Right now I'm leaning toward the “investing” side of that equation.
My business partner John and I have aggressive growth plans for the business—we have our sights set on 7-figures in the next couple of years.
Because of that I don't (yet) live the “wake up, write an email and go play golf” lifestyle that some new entrepreneurs aspire to.
And in reality, email and copywriting are just a sliver of what I do at Simple Programmer,
My official title is “Director of Marketing and Advertising Partnerships.”
Basically the division of labor is:
John does most of the “content creation,” stuff like YouTube videos to generate new traffic, and creating new products for us to sell (books, video courses, etc.). He also does a lot of administrative work, like hiring contractors.
My job is to generate revenue from the audience we're building.
Part of that is basic conversion stuff—creating landing pages and popups to grow the email list, writing emails and copy to sell the products John creates.
I also spend a lot of time researching and testing new product ideas.
And lately, I'm focusing on finding corporate sponsors who are interested in reaching an eager audience of software developers—that's the “advertising partnerships” part of my title.

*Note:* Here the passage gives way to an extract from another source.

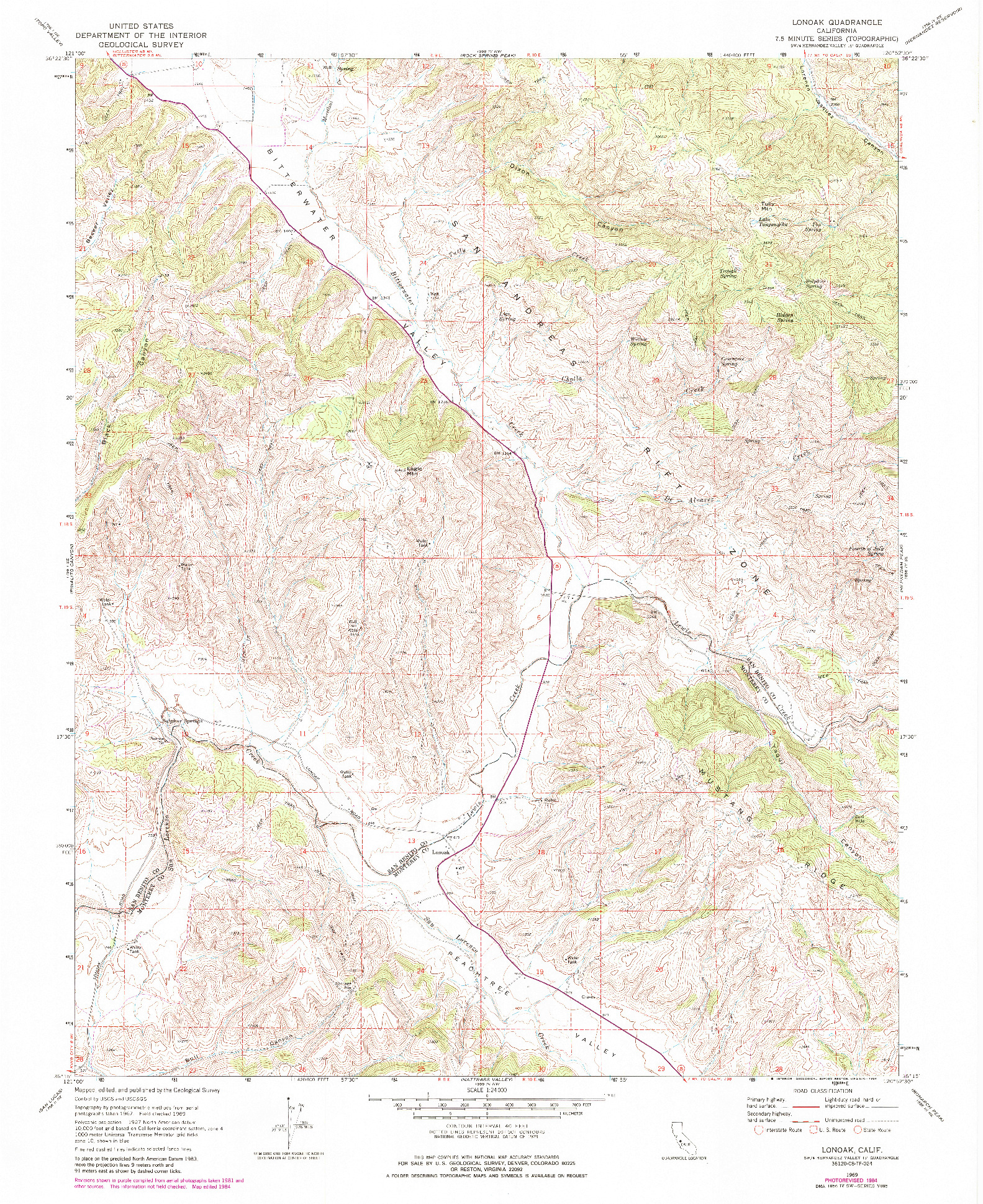 USGS 1:24000-SCALE QUADRANGLE FOR LONOAK, CA 1969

Here's how a typical day might go for me right now:
I walk my oldest to the bus stop for kindergarten. When I get back to my desk, usually I'll zip through my inbox and take care of any quick replies, then I check yesterday's sales numbers and a few key metrics in Google Analytics.
After that I'll buckle down and write an email for this list. I don't make a lot of money from this—I do it because it keeps me sharp and because I enjoy interacting with subscribers like you.
Then I'll roll into writing an email for Simple Programmer. Lately I'm doing near-daily broadcast emails to the list to measure interest in different topics—laying some groundwork for our next major product launch.
When I'm done with my daily emails, I'll move on to one of several longer-term projects.
Usually we have 3-5 of these cooking at any given time.
Lately it's gotten a little crazy—I told John last week that I feel like I'm reaching “terminal velocity” with how many different projects I can juggle.
The big projects that I'm working on right now include:
– Launching John's new book, The Complete Software Developer's Career Guide. Slated for this July. We have the ambitious goal here of pulling off the biggest launch of any software development book ever—I believe we can do it.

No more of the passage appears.